First, a robotics surgical system for automated single-cell organelle biopsy and transfer in small cells (<20 µm in diameter) is developed. The system can perform completely automated single-cell biopsy tasks, including cell positioning, organelle detection, aspiration, and organelle release or transfer, at a specific location or inside a cell. A microfluidic single-cell patterning device that can compress and pattern cells inside channels in a 1D array is designed to simplify the automated process while achieving high organelle positioning accuracy. Under a visual-based robust control algorithm, the system can be applied to extract an organelle and transfer it in a broad range of cells with high manipulation accuracy while addressing model uncertainties and external disturbances.

Second, the developed robot-aided microneedle-based manipulation system is applied in the automated extraction of mitochondria and nucleus from human acute promyelocytic leukemia and human fibroblast cells.
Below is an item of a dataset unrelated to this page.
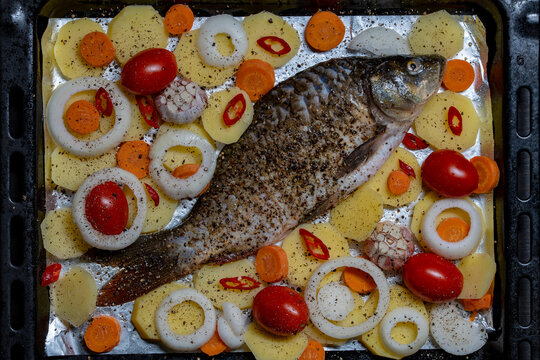Raw whole carp fish with seasoned vegetables on baking tray. Fresh uncooked river fish prepared for baking with potatoes, tomatoes, carrots, onions, garlic and chili pepper on foil, top view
A microfluidic device is designed to pattern individual cells in a 1D array. A micropipette mounted onto a 3-DOF micromanipulator and an X-Y stage is developed to perform high-precision single-cell mitochondrial biopsy. Biological tests are conducted to indicate the functionality of the biopsied mitochondria and the viability of the cells after the removal of mitochondria. The developed system is further used for the automatic extraction of mitochondria from an A-type cell followed by injection of the extracted mitochondria into a B-type cell. The invasiveness and efficiency of the proposed single-cell mitochondrial transfer approach are investigated.

Third, an optical tweezer-based robot-aided system is developed for high-throughput mitochondrial transfer in single cells. A microfluidic device is developed to pattern cells and mitochondria in a parallel way, and then optical tweezers are used to pick the required number of functional mitochondria. The trapped mitochondria are automatically transported onto the surface of the cell and then transferred inside the cell by endocytosis. In contrast to other mitochondrial transfer methods, the proposed system can control the quality and quantity of mitochondria prior to the mitochondrial transfer. Biological tests are conducted to examine the viability of the transferred cells and the functionality of the mitochondria before and after transfer. The condition of the cell after the transfer of functional and healthy mitochondria by the proposed system is also analyzed and compared with those obtained using a simple co-culture mitochondrial transfer method.

In summary, robotic micromanipulation systems based on microneedles and optical tweezers are developed to simplify single-cell organelle manipulation and transfer. Such high-precision robotic systems can help reduce variable outcomes, human error, and operator fatigue and improve precision, efficiency, and repeatability in complex single-cell surgical tasks. The novel methodologies introduced in this thesis deliver new concepts of manipulation and analysis of single cells and their organelles. Thus, these methods have potential therapeutic applications in medicine.